Horizontal anisotropy in aquifer properties is common in deformed terrains. When structural fabrics and resulting secondary porosity are controlled by regional tectonics, principle transmissivity tensor (T_α) orientation (θ) may be similar over a wide area. Lithologic variability within a terrain may affect fracture characteristics and thus the magnitude of T_α may vary. Recognition of domains with similar orientation and magnitude of transmissivity tensors is important for effective groundwater management.

The Pen Argyl Member of the Martinsburg Formation is a thick sequence of claystone slate with subordinate intercalated quartzose slate and subgraywacke. Time-drawdown data from four aquifer tests in the Pen Argyl Member exhibited anisotropic behavior at a scale of at least 600 m. The horizontal anisotropic properties were determined using analytical models and the results were statistically characterized allowing for uncertainty estimation and testing for differences. The uncertainties quantify deviation of the real aquifer from the idealized model aquifer and arise from aquifer heterogeneity, deviation from radial flow conditions with likely extended well behavior, and the presence of multiple dipping fracture zones as well as measurement error.

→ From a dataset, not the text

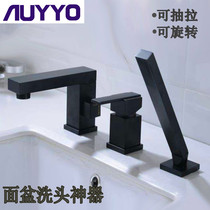AUYYO triple hole tap tulle shower head shower head shower black hot and cold floor pelvic floor tub tap wire drawing gold two holes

Principle transmissivity tensor orientation for four pumping tests within the Pen Argyl Member of the Martinsburg Formation were statistically indistinguishable (mean θ_α = 41.5^o±8.8^o(3σ)) and aligned parallel to the strike of bedding, axial planar cleavage, and a joint set. Faults were prominent water-bearing zones in the wells. The fault orientations in the wells are unknown but it is likely that they represent bedding plane faults evident in a nearby quarry and identified as important groundwater flow paths in the member. An example of results from a single test show the aquifer is anisotropic (H₀: T_α=T_β rejected at P<0.005) with θ=47.7^o±19.0^o(3σ), T_α/T_β=7.9±5.5(3σ), T_α=218 ±441(3σ) m²/d, and T_β=27±53(3σ) m²/d. The study is a step toward delineation of hydrostructural/hydrogeologic units in the Martinsburg Formation.